Chelsea Clinton, Tammy Baldwin share health care stories

Hillary Clinton’s daughter spoke Wednesday at the Lismore Hotel about early voting, Medicaire and American civics


Hillary Clinton’s daughter, Chelsea Clinton, shares her experiences with people on the campaign trail. She illustrated the sharp contrast on issues like health care and climate change between her mother and Republican nominee Donald Trump. (Brian Sheridan)

Story by Brian Sheridan, Editor in Chief

With less than a week until Election Day, early voting and health care were hot topics at Chelsea Clinton’s speech Wednesday, her first in Eau Claire.

Clinton held a speech at 2 p.m. Wednesday at The Lismore Hotel following Trump’s arrival to UW-Eau Claire’s Zorn Arena Tuesday. Along with Clinton, Gabbie Stasson, Eau Claire campaign organizer; Denise Bustamante, Eau Claire fellowship intern for Clinton’s campaign; and Wisconsin Sen. Tammy Baldwin spoke during the event.
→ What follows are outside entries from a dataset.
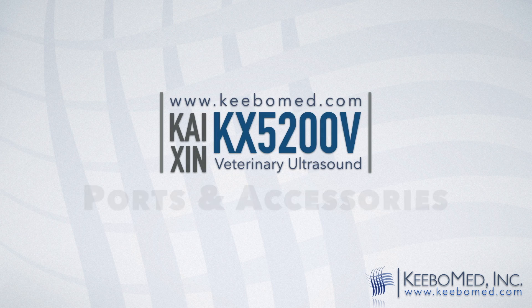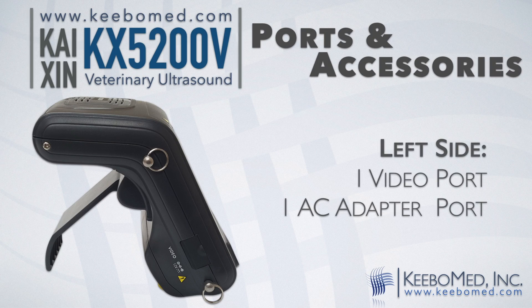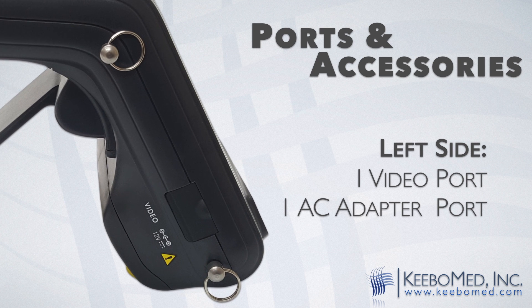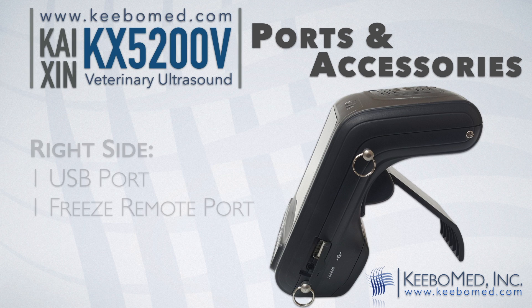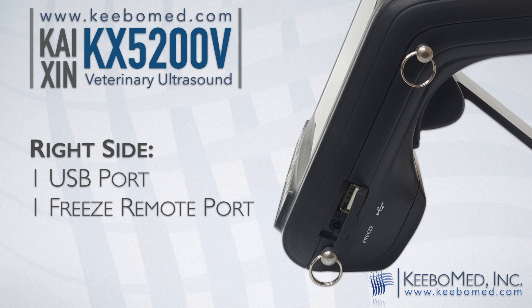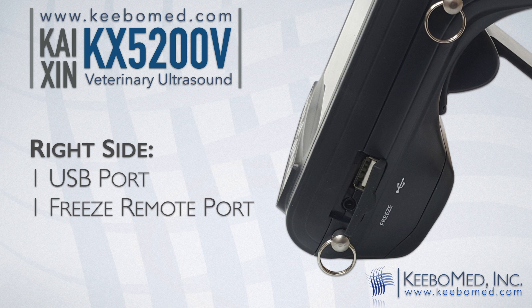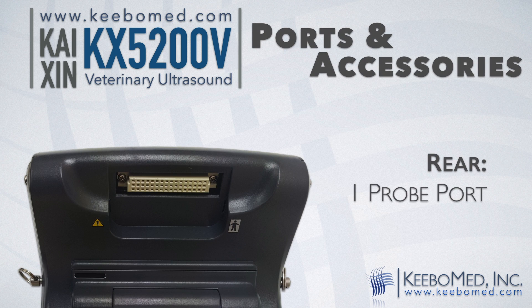Here's a closer look at the connectivity ports on the KX5200V. The left side features one video port and one AC adapter port. The right side includes one USB port and one image freeze remote port. The rear features one probe port.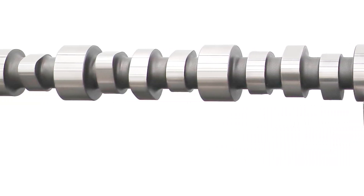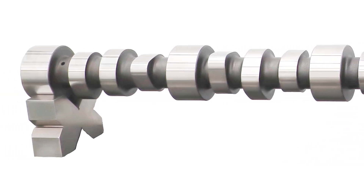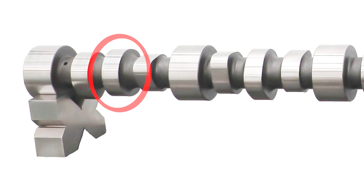There's a close-up picture of it. This lobe of the camshaft is for the engine brake — that's the integral brake, as Cummins calls it.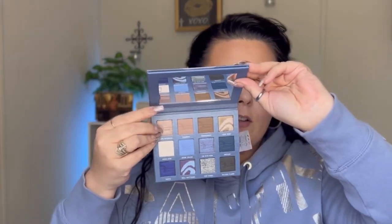Of course it has the mirror, and it has the little elf and American Eagle logo on there — so cute! Most of the time elf's eyeshadow palettes do not come with mirrors, so that is a nice little addition. But let's go ahead and swatch.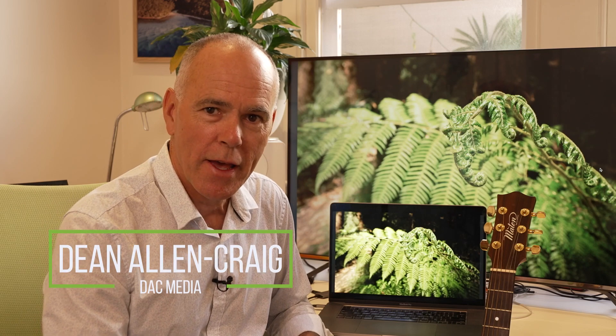Hi everyone, Dean here again. On today's iPhone photography tips we're going to have a look at portrait mode. It is, in my opinion, one of the best features that Apple have put into iPhones.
The event had a number of focuses, including the importance of early voting, hate speech and the effects of health insurance (or the lack thereof) on Americans. Baldwin talked about her struggles when she spent several months in the hospital as a child and the impact it had on the grandparents who raised her.

Baldwin said she supports Clinton because of her work she has done with the Children Defence Fund, an organization that focuses on child advocacy and research, as well as working to improve educational equality opportunities for children with disabilities and her role in the creation of the Children’s Health Insurance Program.

Clinton opened up her speech talking about the significance of this election to her as a parent and how whomever the American people elect “will shape the country, the world and really the future” of her children, their classmates and their colleagues.

She told stories of people she has encountered on the campaign trail and their experiences with racial and homophobic remarks made toward their families during this election season.

In one instance, Clinton elaborated on a Guatemalan women whose son was told to “go back to Mexico” by his middle school classmates. In another story, she said an eight-year-old girl told her about how her classmates said her dad will have to “go back into the closet” when Donald Trump is elected.

“I never thought I would see in my lifetime the almost normalization of hate speech,” Clinton said.

When asked by an audience member how to address Islamophobia locally, an immediate problem in regards to the UW-Stout student Hussain Saeed Alnahdi who was assaulted and killed Monday in Menomonie, Clinton said one of the challenges of this election is the United States failure to teach civics for years. There has been a move away from investing in civics and she said much of how it is handled happens at a local governmental level.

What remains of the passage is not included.